↓↓↓
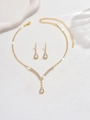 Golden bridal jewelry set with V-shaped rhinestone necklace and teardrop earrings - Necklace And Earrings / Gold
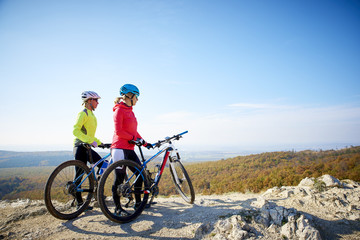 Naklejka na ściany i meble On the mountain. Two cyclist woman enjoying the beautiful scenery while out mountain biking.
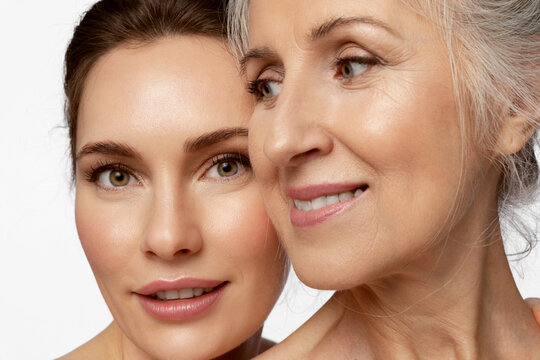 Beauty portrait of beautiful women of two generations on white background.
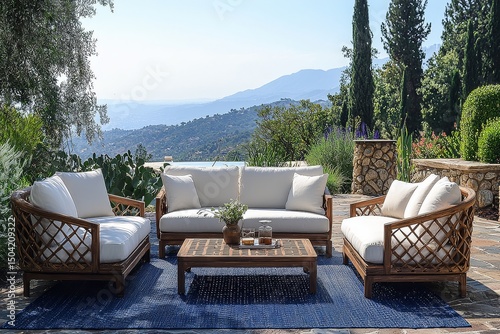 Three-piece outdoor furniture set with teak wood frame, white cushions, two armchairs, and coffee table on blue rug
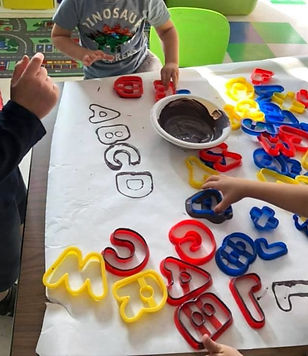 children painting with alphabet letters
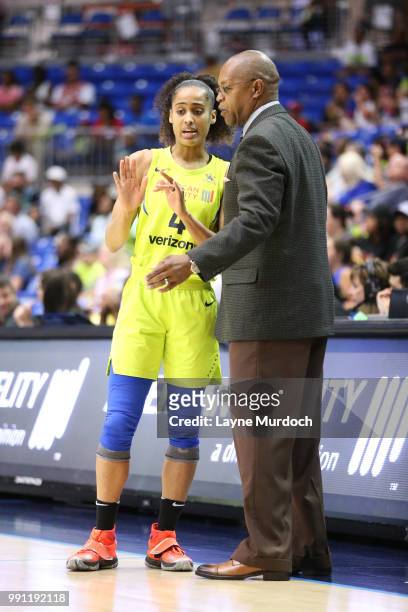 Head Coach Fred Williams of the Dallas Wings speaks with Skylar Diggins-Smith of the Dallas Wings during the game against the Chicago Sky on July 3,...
↑↑↑
• Task instructions: Reproduce every record in full. Leave out the images.

• Exercise solution:
 Golden bridal jewelry set with V-shaped rhinestone necklace and teardrop earrings - Necklace And Earrings / Gold
 Naklejka na ściany i meble On the mountain. Two cyclist woman enjoying the beautiful scenery while out mountain biking.
 Beauty portrait of beautiful women of two generations on white background.
 Three-piece outdoor furniture set with teak wood frame, white cushions, two armchairs, and coffee table on blue rug
 children painting with alphabet letters
 Head Coach Fred Williams of the Dallas Wings speaks with Skylar Diggins-Smith of the Dallas Wings during the game against the Chicago Sky on July 3,...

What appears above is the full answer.